## The data
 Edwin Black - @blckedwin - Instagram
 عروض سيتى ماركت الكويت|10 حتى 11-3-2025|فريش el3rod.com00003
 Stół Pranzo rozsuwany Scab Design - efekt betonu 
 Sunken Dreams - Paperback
==
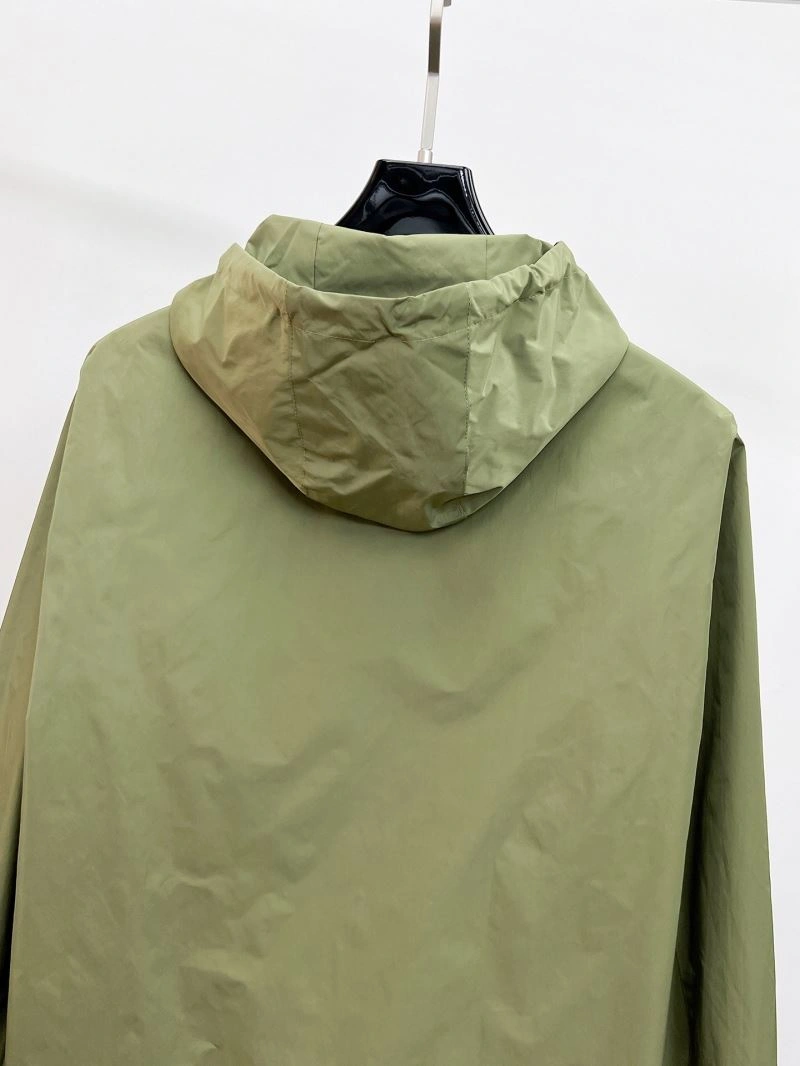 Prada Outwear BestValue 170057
* * *
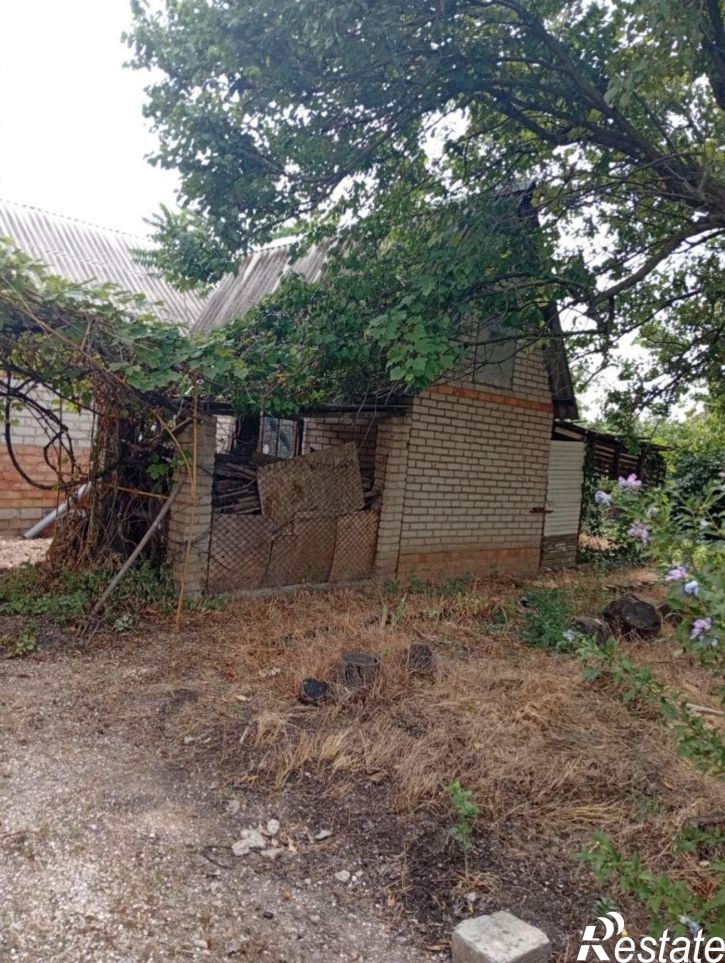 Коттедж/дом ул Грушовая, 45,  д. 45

## Required action
Keeping every character as it is, restate the lines above that run from the line with "Edwin Black - @blckedwin - Instagram" through the line with "Sunken Dreams - Paperback", both included, and nothing else.

## Response area
 Edwin Black - @blckedwin - Instagram
 عروض سيتى ماركت الكويت|10 حتى 11-3-2025|فريش el3rod.com00003
 Stół Pranzo rozsuwany Scab Design - efekt betonu 
 Sunken Dreams - Paperback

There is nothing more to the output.